= What you have to do =
Every line of the records below from the line with "Used 2021 Chevrolet Equinox" up to and including the line with "Superb Pair of Kingwood Bedside Cabinets" must be reproduced exactly, and no line outside that range.

-- Material supplied follows --

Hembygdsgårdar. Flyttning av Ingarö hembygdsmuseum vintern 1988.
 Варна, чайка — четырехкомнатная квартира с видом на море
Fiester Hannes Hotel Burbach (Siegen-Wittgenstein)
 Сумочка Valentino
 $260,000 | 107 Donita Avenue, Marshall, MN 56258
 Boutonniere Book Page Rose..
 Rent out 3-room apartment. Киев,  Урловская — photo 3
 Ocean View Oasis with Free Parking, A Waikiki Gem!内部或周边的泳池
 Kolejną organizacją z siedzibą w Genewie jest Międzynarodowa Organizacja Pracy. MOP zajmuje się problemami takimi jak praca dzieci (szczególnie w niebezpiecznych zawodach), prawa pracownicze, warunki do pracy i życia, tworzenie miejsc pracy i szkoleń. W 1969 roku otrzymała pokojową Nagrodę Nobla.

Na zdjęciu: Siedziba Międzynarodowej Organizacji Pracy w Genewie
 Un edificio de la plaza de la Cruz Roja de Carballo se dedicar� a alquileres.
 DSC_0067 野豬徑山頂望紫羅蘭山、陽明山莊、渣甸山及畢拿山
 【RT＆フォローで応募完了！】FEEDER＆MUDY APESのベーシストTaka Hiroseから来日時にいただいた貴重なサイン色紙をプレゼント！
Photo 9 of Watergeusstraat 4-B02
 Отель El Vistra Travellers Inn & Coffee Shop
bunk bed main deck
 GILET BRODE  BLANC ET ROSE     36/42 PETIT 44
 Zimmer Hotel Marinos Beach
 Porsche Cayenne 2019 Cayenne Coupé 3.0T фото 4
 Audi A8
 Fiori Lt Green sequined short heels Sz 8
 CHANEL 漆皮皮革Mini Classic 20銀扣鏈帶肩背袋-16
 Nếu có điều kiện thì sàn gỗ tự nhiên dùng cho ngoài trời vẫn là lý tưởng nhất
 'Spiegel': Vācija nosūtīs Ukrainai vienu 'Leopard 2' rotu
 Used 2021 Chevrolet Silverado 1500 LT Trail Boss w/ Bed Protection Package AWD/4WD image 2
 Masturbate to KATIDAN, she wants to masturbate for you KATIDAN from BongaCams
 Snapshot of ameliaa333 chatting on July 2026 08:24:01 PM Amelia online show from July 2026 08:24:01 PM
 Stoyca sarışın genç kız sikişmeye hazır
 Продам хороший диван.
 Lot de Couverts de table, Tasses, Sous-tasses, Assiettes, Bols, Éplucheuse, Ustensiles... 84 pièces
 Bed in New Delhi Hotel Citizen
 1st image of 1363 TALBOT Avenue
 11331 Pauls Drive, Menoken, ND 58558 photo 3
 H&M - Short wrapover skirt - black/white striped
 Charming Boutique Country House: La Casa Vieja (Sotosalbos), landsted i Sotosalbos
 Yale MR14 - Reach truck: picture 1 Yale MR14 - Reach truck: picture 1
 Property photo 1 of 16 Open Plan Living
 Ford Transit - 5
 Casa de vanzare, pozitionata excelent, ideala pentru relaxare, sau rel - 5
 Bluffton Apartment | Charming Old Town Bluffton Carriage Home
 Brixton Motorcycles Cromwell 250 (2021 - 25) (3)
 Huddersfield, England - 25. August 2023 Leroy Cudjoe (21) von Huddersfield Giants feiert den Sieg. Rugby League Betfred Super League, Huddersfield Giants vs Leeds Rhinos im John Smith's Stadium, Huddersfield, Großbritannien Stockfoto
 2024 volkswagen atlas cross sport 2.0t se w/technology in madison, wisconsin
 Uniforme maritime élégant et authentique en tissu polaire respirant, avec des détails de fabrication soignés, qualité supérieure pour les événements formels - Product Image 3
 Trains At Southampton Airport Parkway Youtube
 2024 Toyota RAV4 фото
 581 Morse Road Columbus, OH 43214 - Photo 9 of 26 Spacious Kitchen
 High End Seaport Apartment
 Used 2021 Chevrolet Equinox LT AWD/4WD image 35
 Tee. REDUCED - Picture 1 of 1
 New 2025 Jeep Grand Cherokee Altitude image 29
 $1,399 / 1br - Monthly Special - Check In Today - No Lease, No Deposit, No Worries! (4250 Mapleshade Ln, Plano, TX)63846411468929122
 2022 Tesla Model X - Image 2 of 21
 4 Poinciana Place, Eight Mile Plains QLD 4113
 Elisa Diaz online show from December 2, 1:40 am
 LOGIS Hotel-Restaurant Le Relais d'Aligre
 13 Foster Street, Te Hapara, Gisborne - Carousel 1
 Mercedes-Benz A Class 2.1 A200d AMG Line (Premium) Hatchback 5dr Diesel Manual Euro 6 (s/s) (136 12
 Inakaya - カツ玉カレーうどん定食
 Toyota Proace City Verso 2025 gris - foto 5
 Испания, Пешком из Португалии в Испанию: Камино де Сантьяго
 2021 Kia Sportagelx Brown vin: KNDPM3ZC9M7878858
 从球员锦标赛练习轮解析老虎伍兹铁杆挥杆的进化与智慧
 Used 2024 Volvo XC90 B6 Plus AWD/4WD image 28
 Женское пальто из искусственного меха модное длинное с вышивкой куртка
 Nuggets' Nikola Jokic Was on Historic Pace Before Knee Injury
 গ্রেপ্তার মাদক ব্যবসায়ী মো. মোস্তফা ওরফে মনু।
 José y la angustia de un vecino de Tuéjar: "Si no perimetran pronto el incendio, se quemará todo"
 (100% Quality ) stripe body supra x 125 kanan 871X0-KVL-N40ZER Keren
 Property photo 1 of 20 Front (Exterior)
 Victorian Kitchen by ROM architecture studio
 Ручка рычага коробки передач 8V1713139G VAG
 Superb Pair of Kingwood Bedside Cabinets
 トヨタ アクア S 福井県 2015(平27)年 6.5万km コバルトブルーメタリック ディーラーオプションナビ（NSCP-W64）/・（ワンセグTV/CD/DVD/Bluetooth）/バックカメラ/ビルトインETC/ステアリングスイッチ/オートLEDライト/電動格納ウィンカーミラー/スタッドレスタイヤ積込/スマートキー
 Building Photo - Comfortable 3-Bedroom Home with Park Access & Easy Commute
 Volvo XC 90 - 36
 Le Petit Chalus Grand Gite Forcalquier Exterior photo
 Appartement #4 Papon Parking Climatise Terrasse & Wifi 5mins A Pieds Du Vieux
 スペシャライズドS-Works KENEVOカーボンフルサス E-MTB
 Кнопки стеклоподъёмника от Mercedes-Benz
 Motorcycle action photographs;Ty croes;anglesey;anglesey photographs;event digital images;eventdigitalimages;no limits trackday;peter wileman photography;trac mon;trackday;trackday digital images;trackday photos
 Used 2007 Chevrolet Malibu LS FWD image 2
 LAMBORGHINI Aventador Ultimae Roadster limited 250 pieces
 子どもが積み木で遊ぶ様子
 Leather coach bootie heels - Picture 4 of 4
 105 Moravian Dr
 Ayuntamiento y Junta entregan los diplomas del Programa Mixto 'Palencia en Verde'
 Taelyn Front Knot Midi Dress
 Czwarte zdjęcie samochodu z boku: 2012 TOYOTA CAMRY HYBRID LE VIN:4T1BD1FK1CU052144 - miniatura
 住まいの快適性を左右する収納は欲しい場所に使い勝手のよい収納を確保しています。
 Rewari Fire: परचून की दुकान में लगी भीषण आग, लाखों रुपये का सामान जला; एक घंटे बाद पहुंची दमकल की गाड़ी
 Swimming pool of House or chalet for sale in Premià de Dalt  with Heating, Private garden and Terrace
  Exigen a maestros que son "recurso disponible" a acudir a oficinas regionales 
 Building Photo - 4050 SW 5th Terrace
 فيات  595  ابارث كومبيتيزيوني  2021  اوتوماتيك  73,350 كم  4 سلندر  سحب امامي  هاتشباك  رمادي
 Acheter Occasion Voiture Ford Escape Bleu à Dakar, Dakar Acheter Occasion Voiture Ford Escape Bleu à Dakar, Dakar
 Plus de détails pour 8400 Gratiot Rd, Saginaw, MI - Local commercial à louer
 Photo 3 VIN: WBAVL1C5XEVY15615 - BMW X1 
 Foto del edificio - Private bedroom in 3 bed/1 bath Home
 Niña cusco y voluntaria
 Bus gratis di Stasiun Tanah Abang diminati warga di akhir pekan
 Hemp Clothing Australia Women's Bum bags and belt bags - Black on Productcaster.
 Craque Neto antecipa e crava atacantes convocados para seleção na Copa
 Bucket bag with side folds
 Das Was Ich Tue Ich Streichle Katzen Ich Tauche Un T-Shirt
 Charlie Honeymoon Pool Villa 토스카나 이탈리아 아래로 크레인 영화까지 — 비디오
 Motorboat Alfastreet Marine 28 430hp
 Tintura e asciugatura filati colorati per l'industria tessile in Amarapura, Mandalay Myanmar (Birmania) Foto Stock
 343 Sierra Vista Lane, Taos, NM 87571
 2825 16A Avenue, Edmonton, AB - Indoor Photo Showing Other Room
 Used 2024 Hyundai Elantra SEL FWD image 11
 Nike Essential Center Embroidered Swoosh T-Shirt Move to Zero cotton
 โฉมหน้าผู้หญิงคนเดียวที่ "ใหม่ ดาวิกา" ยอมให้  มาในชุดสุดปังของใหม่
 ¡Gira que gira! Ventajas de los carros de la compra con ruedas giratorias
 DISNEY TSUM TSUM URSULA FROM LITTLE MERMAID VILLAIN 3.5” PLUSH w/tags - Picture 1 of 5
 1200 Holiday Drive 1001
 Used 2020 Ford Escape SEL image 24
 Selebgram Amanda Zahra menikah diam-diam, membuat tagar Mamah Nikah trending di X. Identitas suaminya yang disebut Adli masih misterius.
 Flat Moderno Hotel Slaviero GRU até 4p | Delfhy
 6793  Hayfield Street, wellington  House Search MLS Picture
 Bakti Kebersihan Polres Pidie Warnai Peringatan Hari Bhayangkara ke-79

-- Material supplied concluded --

= Written response =
 Used 2021 Chevrolet Equinox LT AWD/4WD image 35
 Tee. REDUCED - Picture 1 of 1
 New 2025 Jeep Grand Cherokee Altitude image 29
 $1,399 / 1br - Monthly Special - Check In Today - No Lease, No Deposit, No Worries! (4250 Mapleshade Ln, Plano, TX)63846411468929122
 2022 Tesla Model X - Image 2 of 21
 4 Poinciana Place, Eight Mile Plains QLD 4113
 Elisa Diaz online show from December 2, 1:40 am
 LOGIS Hotel-Restaurant Le Relais d'Aligre
 13 Foster Street, Te Hapara, Gisborne - Carousel 1
 Mercedes-Benz A Class 2.1 A200d AMG Line (Premium) Hatchback 5dr Diesel Manual Euro 6 (s/s) (136 12
 Inakaya - カツ玉カレーうどん定食
 Toyota Proace City Verso 2025 gris - foto 5
 Испания, Пешком из Португалии в Испанию: Камино де Сантьяго
 2021 Kia Sportagelx Brown vin: KNDPM3ZC9M7878858
 从球员锦标赛练习轮解析老虎伍兹铁杆挥杆的进化与智慧
 Used 2024 Volvo XC90 B6 Plus AWD/4WD image 28
 Женское пальто из искусственного меха модное длинное с вышивкой куртка
 Nuggets' Nikola Jokic Was on Historic Pace Before Knee Injury
 গ্রেপ্তার মাদক ব্যবসায়ী মো. মোস্তফা ওরফে মনু।
 José y la angustia de un vecino de Tuéjar: "Si no perimetran pronto el incendio, se quemará todo"
 (100% Quality ) stripe body supra x 125 kanan 871X0-KVL-N40ZER Keren
 Property photo 1 of 20 Front (Exterior)
 Victorian Kitchen by ROM architecture studio
 Ручка рычага коробки передач 8V1713139G VAG
 Superb Pair of Kingwood Bedside Cabinets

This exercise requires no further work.